Work item
Below are entries. Give back exactly the lines from the one containing "Medical staffers walk" through the one containing "Passengers, wearing protective", inclusive, without the pictures.

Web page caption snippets

______________________________

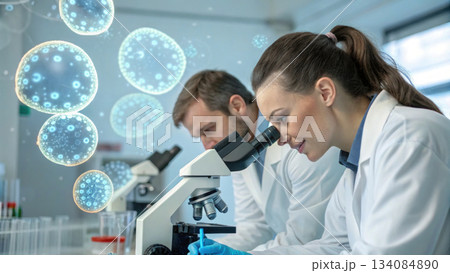 Focused male and female scientist team in laboratory conducting medical research on virus with microscope, showing happy concentration 134084890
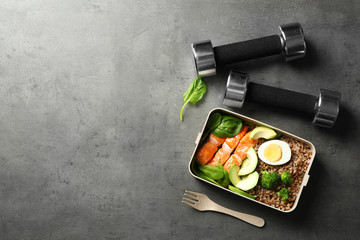 Container with natural healthy lunch, dumbbells and space for text on table, top view. High protein food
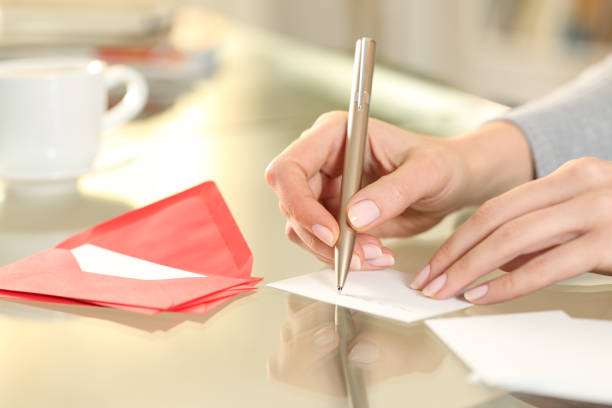 mujer escribir a mano tarjeta de felicitación en casa - message fotografías e imágenes de stock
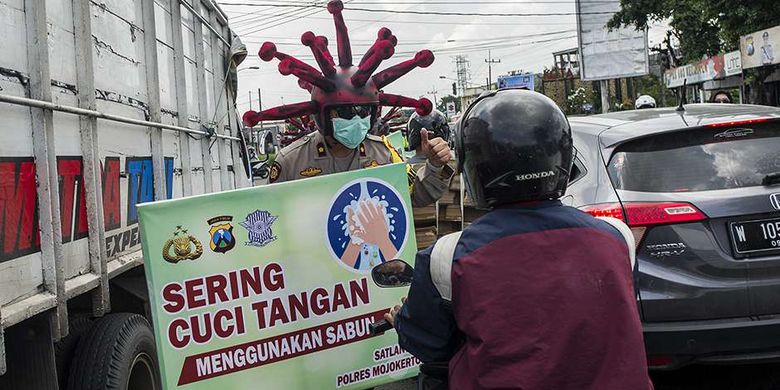 Anggota polisi memakai helm berbentuk virus corona melakukan imbauan dan penyemprotan cairan disinfektan pada kendaraan di jalanan di daerah Mojokerto, Jawa Timur, Jumat (3/4/2020). Cara unik ini dilakukan oleh sejumlah anggota dari Polres Mojokerto dalam upaya menekan penyebaran virus corona atau penyakit Covid-19 yang tengah merebak di Tanah Air.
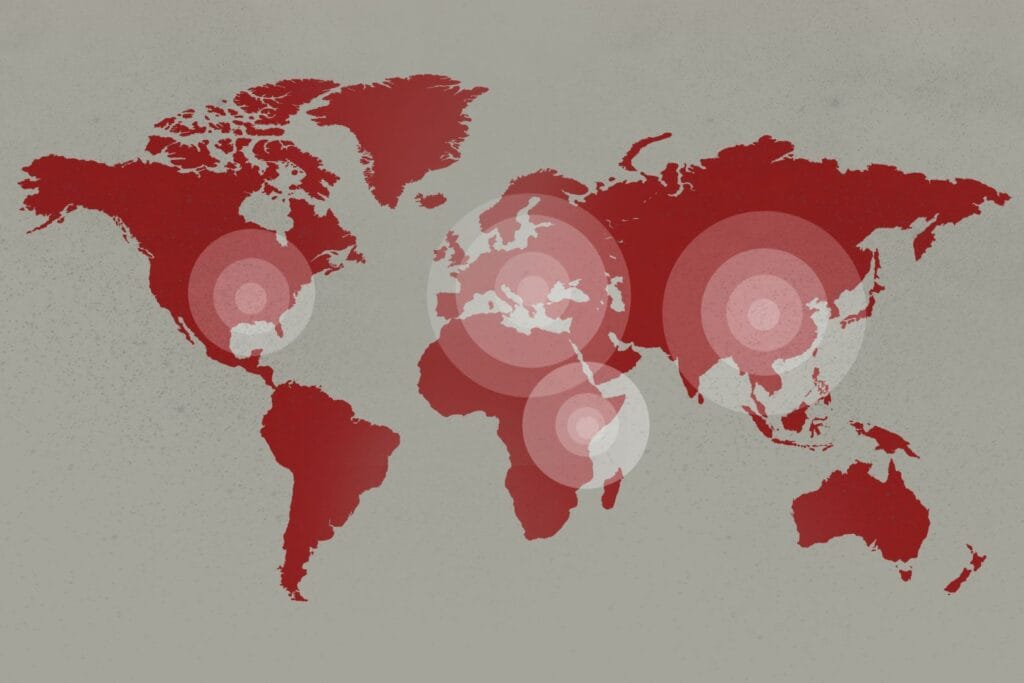 Epicenters of coronavirus pandemic on the world map background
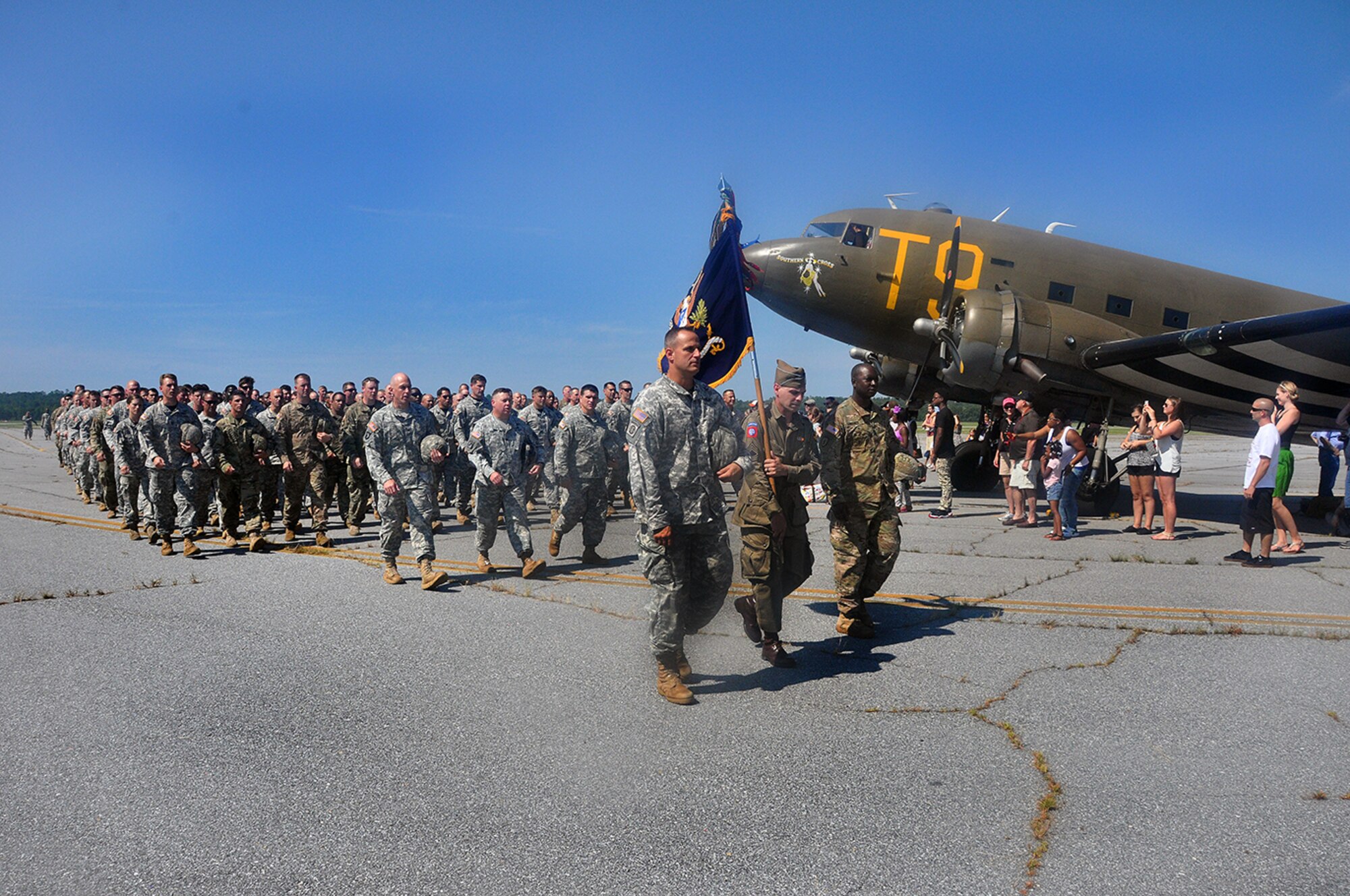 Led by Lt. Col. Korey Brown, paratroopers taking part in the airborne anniversary celebrations march from the drop zone past a vintage C-47 Skytrain as visitors look on. (Photo by Gene H. Hughes)
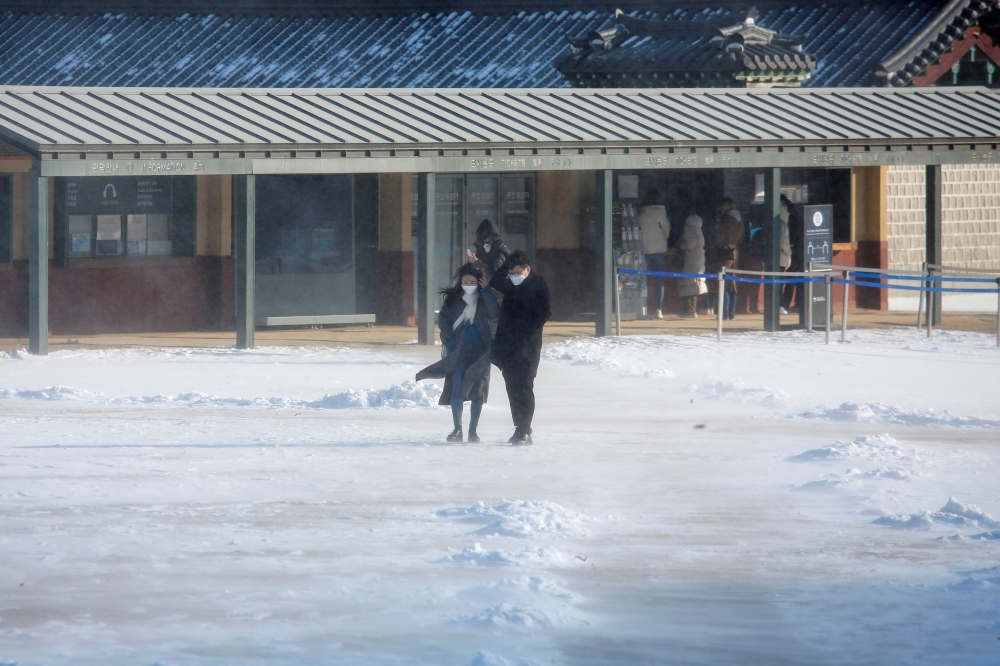 People take a walk on a cold winter day, amid the coronavirus disease (Covid-19) pandemic, at Gyeongbok Palace in central in Seoul, South Korea, January 28, 2021. REUTERS/Heo Ran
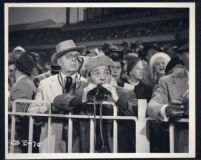 Gene Lockhart and George E. Stone watch the races with extras in A Girl in Every Port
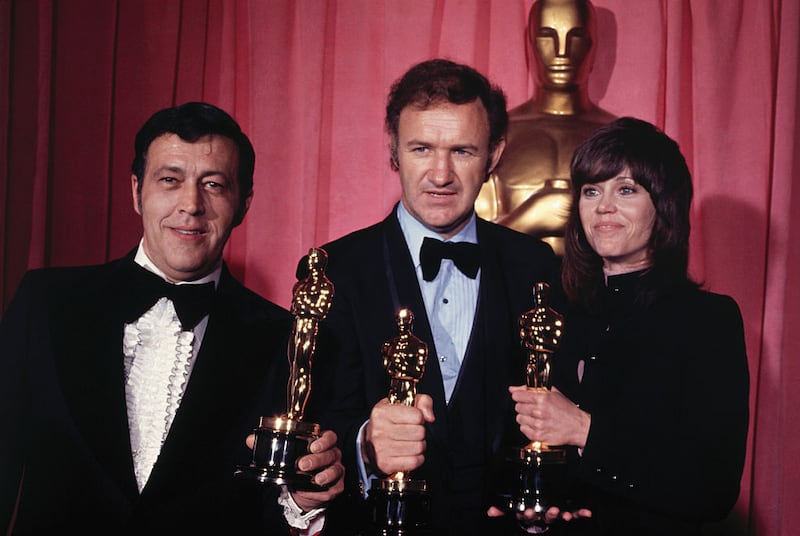 Philip D’Antoni, left, Gene Hackman, center, and Jane Fonda, right, holding their 1972 Academy Awards. D’Antoni produced “best picture” winner “The French Connection,” which Hackman starred in.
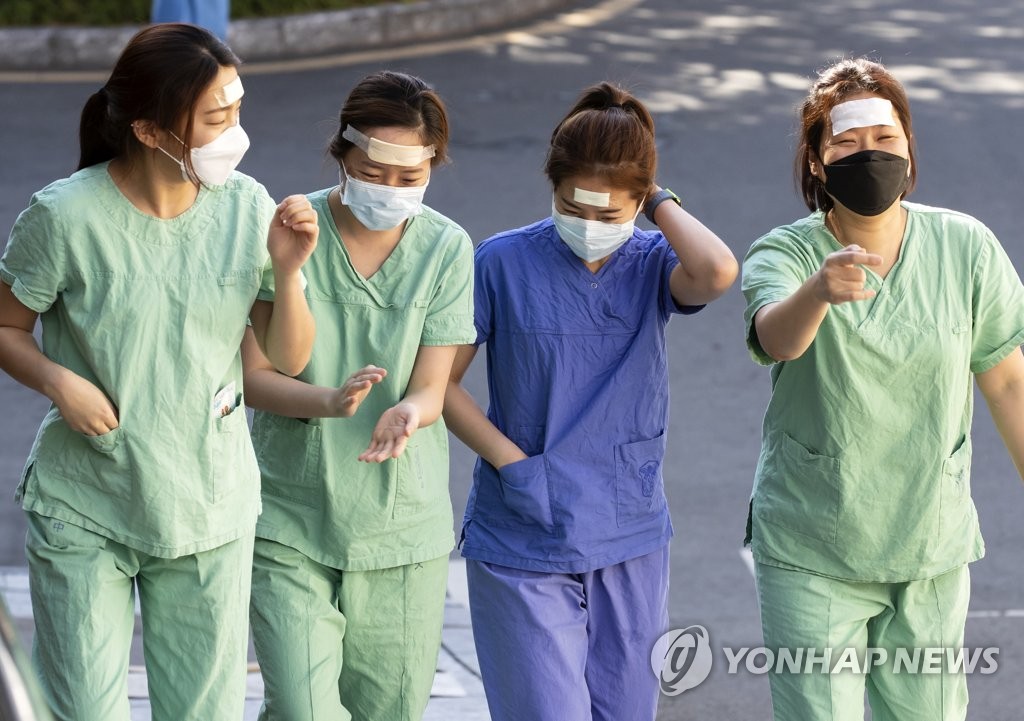 Medical staffers walk to a staff lounge after finishing a shift at Dongsan Hospital in coronavirus-hit Daegu, 302 kilometers southeast of Seoul, on March 11, 2020. (Yonhap)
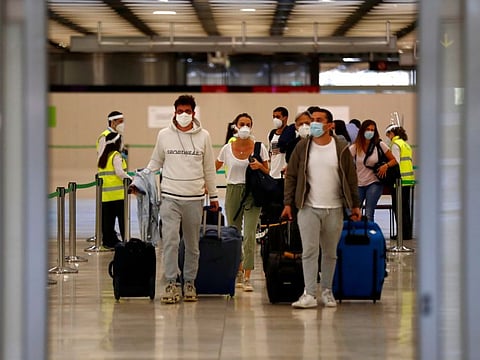 Passengers, wearing protective face masks, walk upon arrival from Paris at Adolfo Suarez Barajas airport as Spain reopens its borders to most European visitors after the coronavirus lockdown, in Madrid, Spain, June 21.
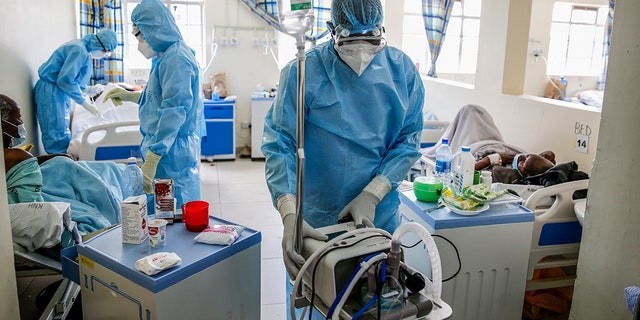April 14, 2021: In this file photo, medical workers tend to coronavirus patients in the COVID-19 intensive care unit at Kenyatta National Hospital, in Nairobi, Kenya..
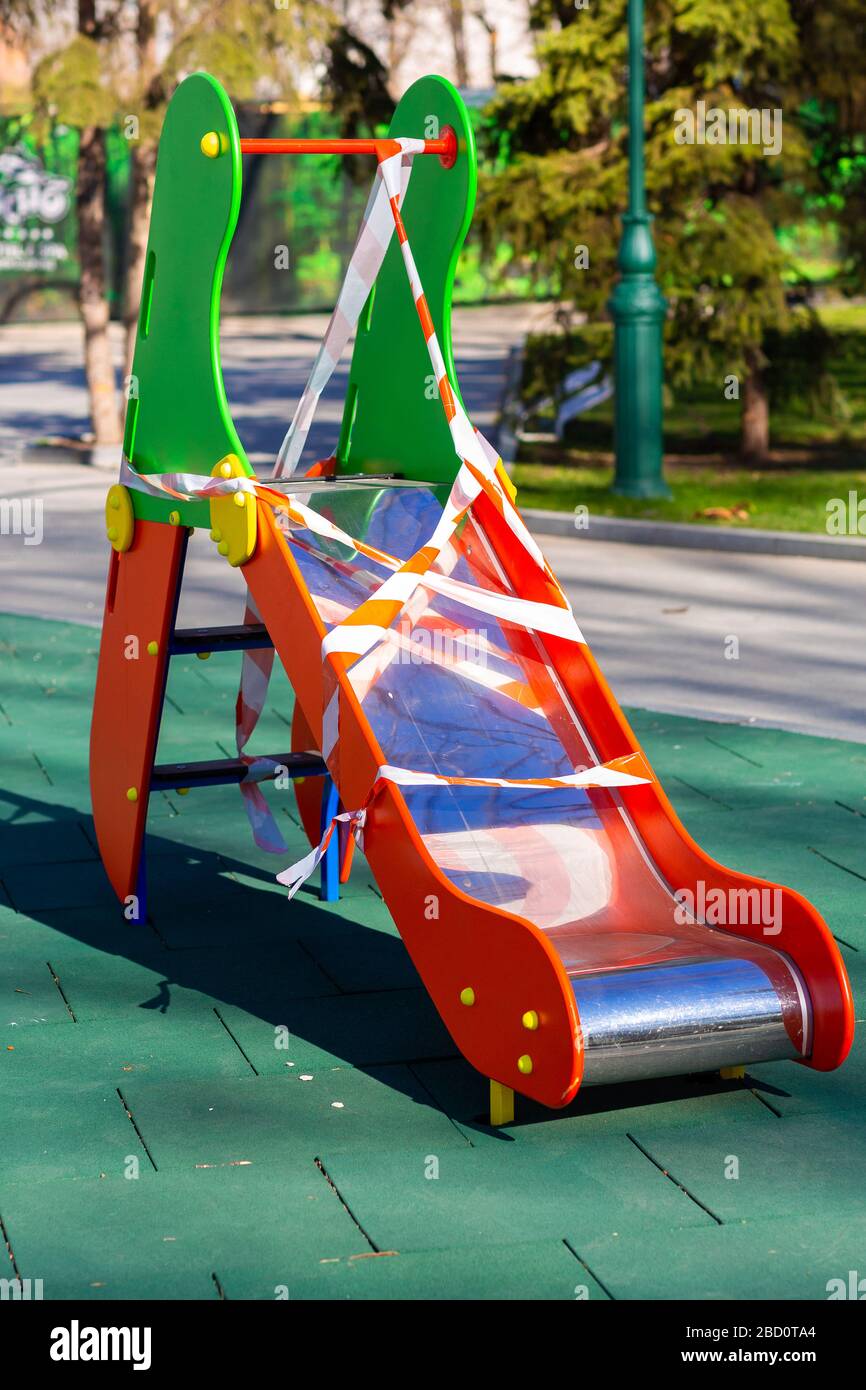 Aire de jeux pour enfants fermée et enveloppée dans un ruban de mise en garde pour la quarantaine mondiale du coronavirus.pas d'enfants sur les aires de jeux. Prévention du coronavirus Banque D'Images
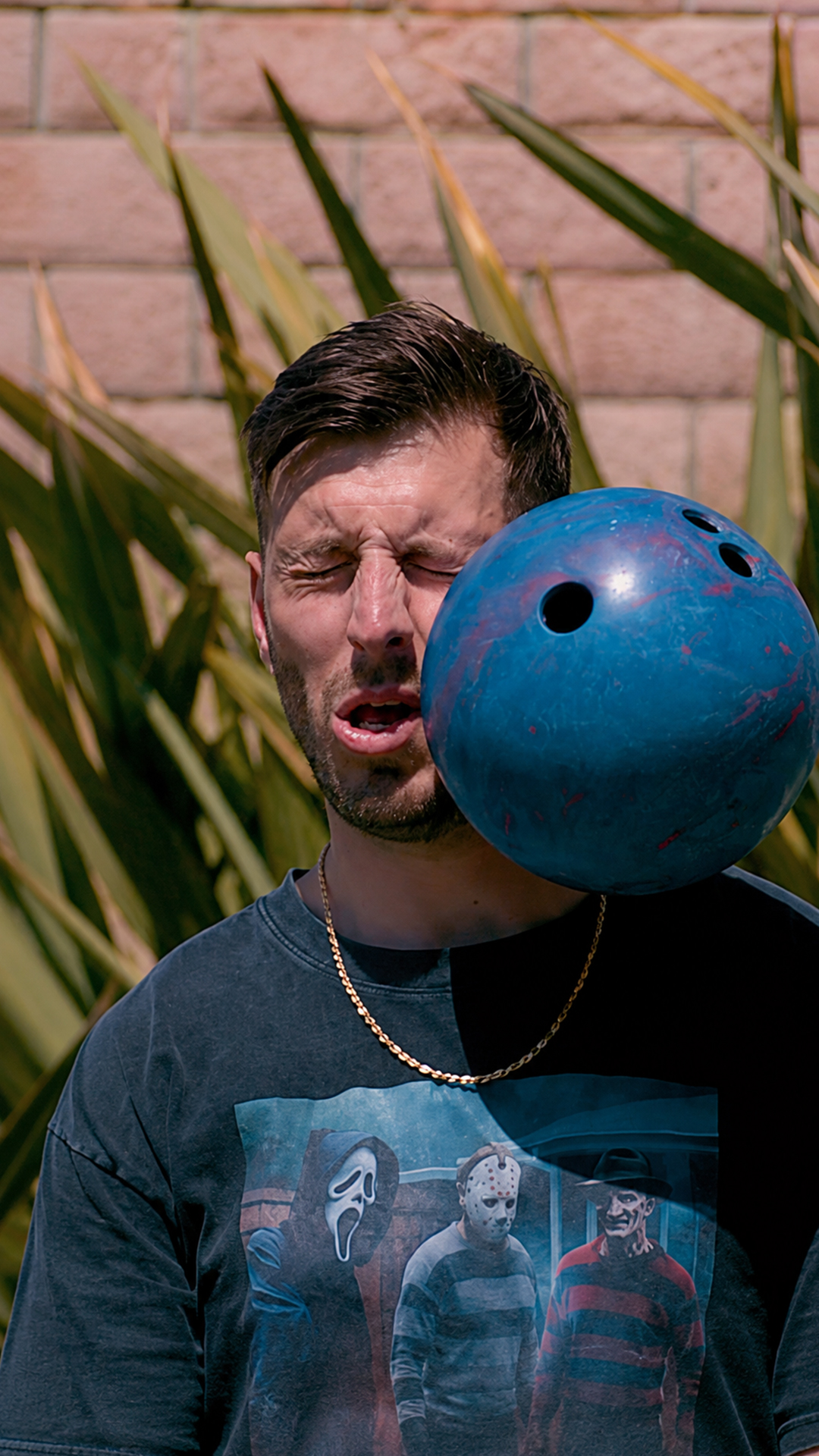 Bowling ball meets face in a painful slow motion viral moment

______________________________

Finished task
 Medical staffers walk to a staff lounge after finishing a shift at Dongsan Hospital in coronavirus-hit Daegu, 302 kilometers southeast of Seoul, on March 11, 2020. (Yonhap)
 Passengers, wearing protective face masks, walk upon arrival from Paris at Adolfo Suarez Barajas airport as Spain reopens its borders to most European visitors after the coronavirus lockdown, in Madrid, Spain, June 21.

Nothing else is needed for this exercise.